Panel A shows the signature response across the temperatures used in study 2. The signature response was defined as the dot product of the signature-pattern weights from study 1 and the activation maps for each temperature within each individual participant. I bars show the standard error for the within-participant data. The signature response increased with increasing temperature, as did the level of reported pain. Percentages indicate the sensitivity and specificity for adjacent temperatures in the forced-choice classification. Sensitivity and specificity are equivalent for the forced-choice test and reflect the proportion of participants for whom the prediction based on the signature response was correct. Panel B shows the signature response as a function of reported intensity, for conditions rated as warm (nonpainful; orange) and those rated as painful (red).

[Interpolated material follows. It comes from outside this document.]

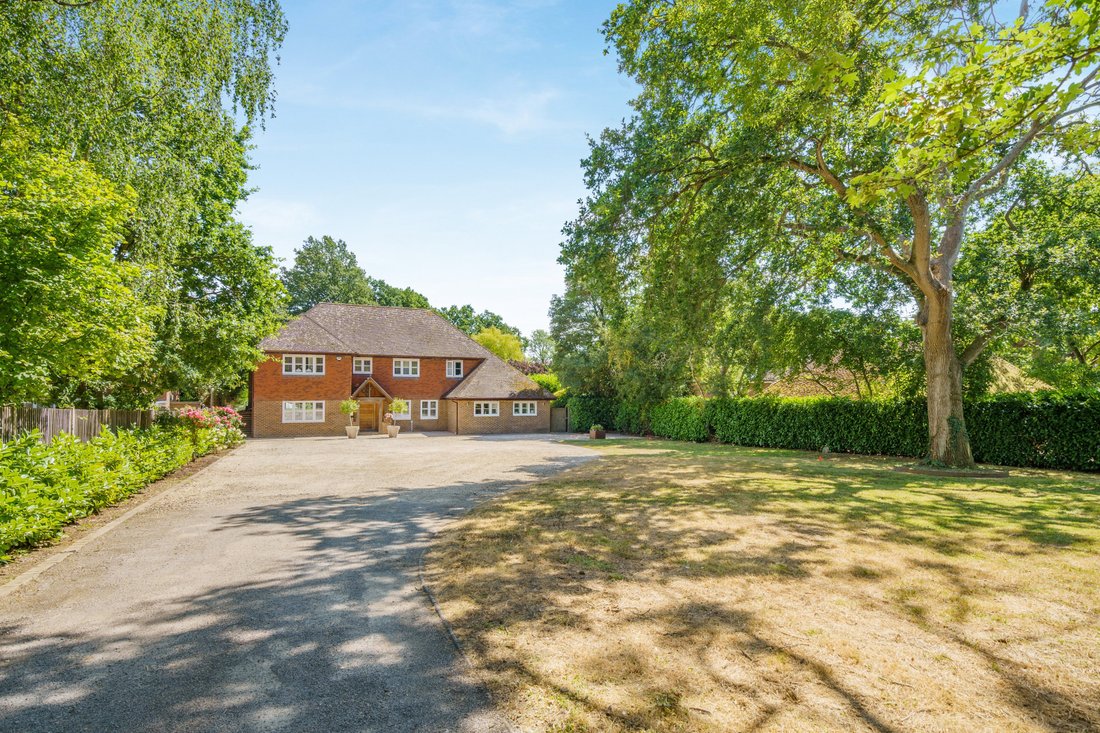 House in Pluckley, England 1 - 18615802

Loess smoothing was used to visualize the relationship; shaded areas show bootstrapped standard errors. The vertical line (at 100) divides conditions explicitly rated as painful from those rated as nonpainful, and the dashed horizontal line (at 1.32) is the classification threshold that maximizes the classification accuracy for painful versus nonpainful conditions. Panel C shows the discrimination performance for comparisons of pain and no pain. Performance (circles) was generally better than predicted by the gaussian model (dashed lines), suggesting a super-gaussian distribution of the signature response. Discrimination in the forced-choice test showed 100% sensitivity and specificity in all comparisons (data not shown).

Figure 3. Application of the Neurologic Signature to Physical and Social Pain Stimuli in Study 3

Panel A shows the signature response in each condition. The dashed horizontal line shows the threshold derived from the classification of pain versus warmth in study 1. I bars indicate standard errors. Panel B shows the receiver-operating-characteristic plots for the forced-choice test, assessed only from the pattern within a single region of interest. A physical-pain signature would ideally show high sensitivity and specificity for pain versus warmth (orange line) and pain versus rejecter (dark blue line) but chance performance for rejecter versus friend (light blue line). The brain images (insets) show the positive (yellow) and negative (blue) signature weights in each region of interest, with the magnitude of the weights represented by the intensity of the color.